I’m so busy. You’re so busy. We’re all so busy. We’re so busy that we can’t possibly fit one more thing into our schedules, or one more relationship into our lives. That’s life in North America, or perhaps just life in the twenty-first century. In an article in the New York Times, Tim Kreider says that we all have a stock response: “That’s a good problem to have,” or “Better than the opposite.” It may be a stock response, but it’s not a particularly good one.
I’ve noticed something in my own life that I find both interesting and disturbing. It’s this: People keep telling me how busy I am. People assume it. It might be because they just can’t imagine anyone being anything but busy. Or maybe it’s because I am giving off those busy vibes, somehow convincing people that I have way too much to do and way too little time to do it. I receive phone calls that say, “I know you’re so busy, and I’m sorry for taking more of your time.” I receive emails that say, “I’m so sorry for asking you this.” I even feel like I need to look and act busy since otherwise people may start to think I’m lazy. Are those the only options we’ve got: busy or lazy?

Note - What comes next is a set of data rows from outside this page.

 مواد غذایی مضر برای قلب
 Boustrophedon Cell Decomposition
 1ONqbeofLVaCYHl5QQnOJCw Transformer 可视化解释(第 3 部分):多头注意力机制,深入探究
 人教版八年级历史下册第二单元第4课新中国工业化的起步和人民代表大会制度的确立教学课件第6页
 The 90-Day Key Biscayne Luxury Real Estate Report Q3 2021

Here’s the thing: I don’t consider myself busy. When I speak at an event and do a question and answer session, I am often asked something like this: “How do you do all that you do?” My answer is usually something along these lines: “I actually don’t do all that much and live at quite a relaxed pace. This is because I’ve been deliberate in eliminating everything but the few things I want to give attention to: Family, church (both as a member and a pastor), friends and writing. What you see me do is just about all I do!” And that’s it. There just isn’t a lot more to my life than that. If my life is pie-shaped, then each of these things gets a slice of the pie and there just isn’t much left over at the end. I am okay with that. I don’t need time for much else.

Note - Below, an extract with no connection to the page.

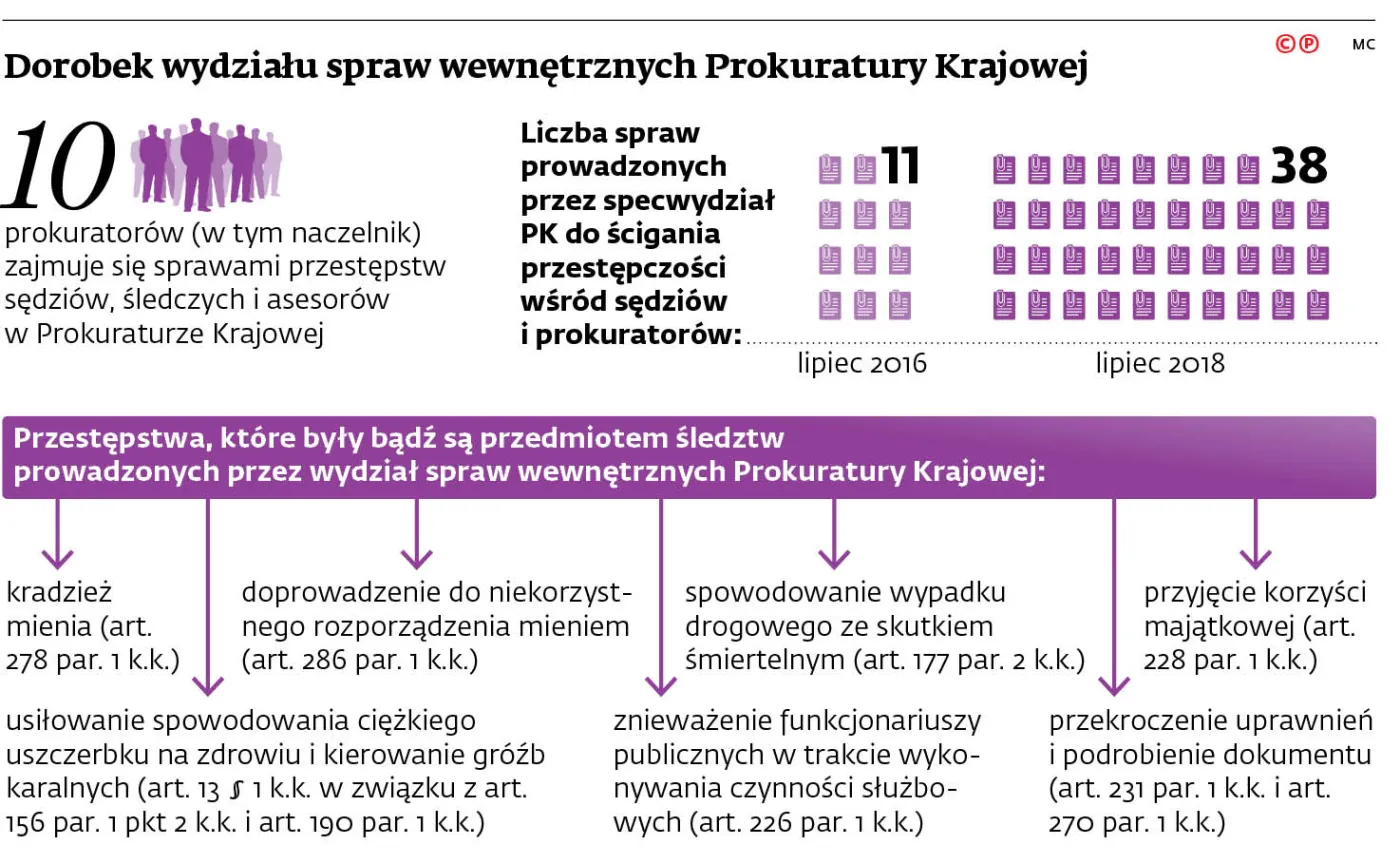 Tylko co dziesiąta skarga na sędziów i prokuratorów jest zasadna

This is not to say that I go through life free from all anxiety and without the stress of approaching deadlines. Neither does it mean that I spend my days surfing the web and chatting mindlessly on the phone. Not at all. I do my best to work hard in the times that I’ve set aside to work. I even measure my use of time every now and again to see where I am using time well and where I am frittering it away. I do my best to be fully present with my family in those times that I’ve dedicated to them. The same is true of friends and neighbors. I block off time to write and try to fill that time with as many words and as many ideas as possible. This is the ideal, though it is so difficult to maintain. One thing constantly wants to intrude on the other, so work times infringes upon family time and writing time falls into devotional time. But when I’m at my best, life is structured and life just isn’t busy.
Kreider makes an interesting point:
Notice it isn’t generally people pulling back-to-back shifts in the I.C.U. or commuting by bus to three minimum-wage jobs who tell you how busy they are; what those people are is not busy but tired. Exhausted. Dead on their feet. It’s almost always people whose lamented busyness is purely self-imposed: work and obligations they’ve taken on voluntarily, classes and activities they’ve “encouraged” their kids to participate in. They’re busy because of their own ambition or drive or anxiety, because they’re addicted to busyness and dread what they might have to face in its absence.
There are spiritual dimensions to busyness. There are spiritual consequences. Kreider says, “Busyness serves as a kind of existential reassurance, a hedge against emptiness; obviously your life cannot possibly be silly or trivial or meaningless if you are so busy, completely booked, in demand every hour of the day.” There is truth in this. We can feel reassured by busyness and strangely comforted by it, even as it saps us of all strength and keeps us from feeling as if we are succeeding at even one of our responsibilities.
There is a cost to busyness, but there is a more subtle cost to being perceived as busy. When people believe that I’m busy, they also believe that I am unapproachable. This is what has disturbed me the most. People at church may want or need some of my time and attention, but because they perceive me as being so busy, they may be afraid or embarrassed to ask for it. My kids may want some of my time but believe that dad is too busy for them. This is what disturbs me most, that my busyness, or the perception of busyness, makes me less effective in the areas in which I want to do well. That cost is too high to tolerate. So let me say it again, primarily to reassure myself: I’m not busy. I have all the time I need to accomplish the things the Lord has called me to.